TASK DETAILS
Every record needs to come back as written, except for the pictures.

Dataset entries
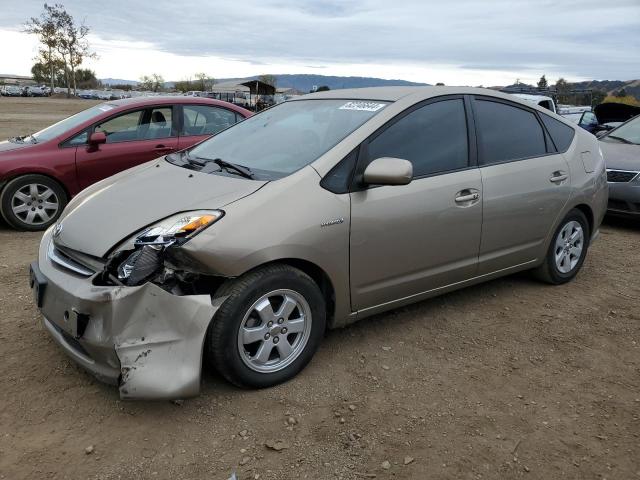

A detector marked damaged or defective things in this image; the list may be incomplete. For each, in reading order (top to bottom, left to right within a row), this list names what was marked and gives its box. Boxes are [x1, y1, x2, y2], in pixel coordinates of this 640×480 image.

crumpled bumper [31, 229, 219, 402]
front-end collision damage [114, 284, 222, 400]
broken headlight [135, 211, 225, 248]
damaged toyota prius [30, 87, 608, 402]
another wrecked vehicle [31, 87, 608, 402]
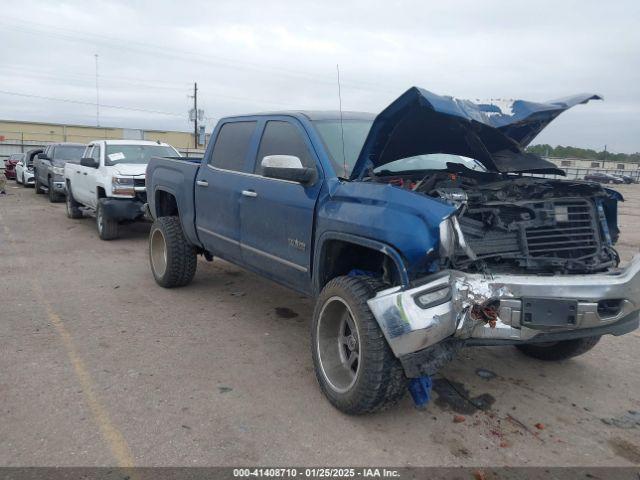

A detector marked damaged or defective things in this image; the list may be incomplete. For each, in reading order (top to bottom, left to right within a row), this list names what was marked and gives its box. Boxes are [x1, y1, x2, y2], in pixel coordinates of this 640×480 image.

crushed front bumper [368, 253, 640, 362]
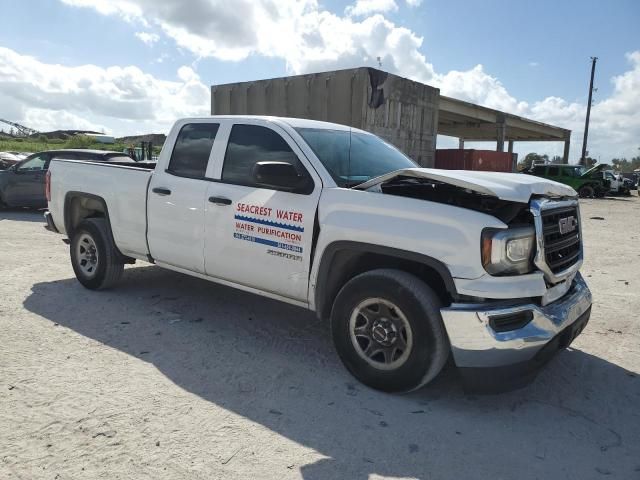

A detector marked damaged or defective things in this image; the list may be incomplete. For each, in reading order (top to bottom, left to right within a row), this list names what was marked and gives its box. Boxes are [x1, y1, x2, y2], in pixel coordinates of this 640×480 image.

damaged hood [358, 168, 576, 203]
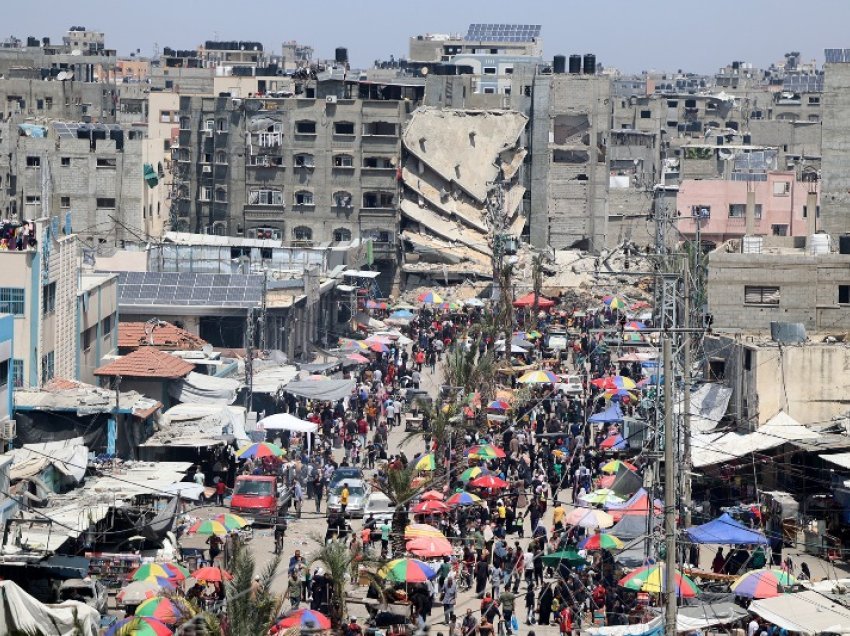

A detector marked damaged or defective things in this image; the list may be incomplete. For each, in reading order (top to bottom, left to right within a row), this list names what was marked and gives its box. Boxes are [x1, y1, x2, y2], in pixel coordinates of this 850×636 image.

broken window [362, 190, 394, 207]
damaged concrete building [396, 107, 524, 286]
damaged facade [398, 108, 524, 284]
broken window [552, 114, 588, 145]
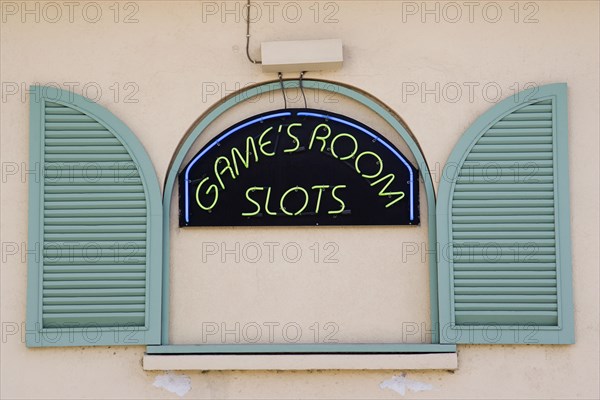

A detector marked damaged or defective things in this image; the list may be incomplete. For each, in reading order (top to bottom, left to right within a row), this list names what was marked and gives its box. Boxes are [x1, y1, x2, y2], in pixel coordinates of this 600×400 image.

RESULT OF THIS TASK
A detector marked damaged or defective things in this image; the list may be incomplete. For each, in reading order (top to bottom, left to right within a row), this list names what was marked and gives its box. Boxes are [x1, y1, x2, y2], in pixel coordinates of this 640×480 image.

crumpled bumper [31, 229, 219, 402]
front-end collision damage [114, 284, 222, 400]
broken headlight [135, 211, 225, 248]
damaged toyota prius [30, 87, 608, 402]
another wrecked vehicle [31, 87, 608, 402]

A detector marked damaged or defective things in this image; the list may be incomplete. For each, in reading order (top to bottom, left to right within a row), this list names what was marked and gives its box. Boxes are [x1, y1, x2, y2], in pixel coordinates of this 640×480 image.

crushed front bumper [368, 253, 640, 362]

A detector marked damaged or defective things in this image; the list may be incomplete. For each, in reading order (top to bottom, left to right within a row), this list names what was marked and gives its box. Boxes are [x1, y1, x2, y2], in pixel coordinates of this 640×480 image.

damaged hood [358, 168, 576, 203]

A detector marked damaged or defective things in this image; the list may be incomplete. For each, in reading order (top to bottom, left to right within a row), this list names what was marked and gives its box. Boxes are [x1, y1, x2, y2], in pixel coordinates of this 850×636 image.

broken window [362, 190, 394, 207]
damaged concrete building [396, 107, 524, 286]
damaged facade [398, 108, 524, 284]
broken window [552, 114, 588, 145]

A detector marked damaged or defective things in this image; the list may be incomplete. For each, in reading order (top to bottom, left to right within a row), this list names what was marked and gives its box. Boxes are [x1, y1, x2, y2], in pixel coordinates of this 600×400 image.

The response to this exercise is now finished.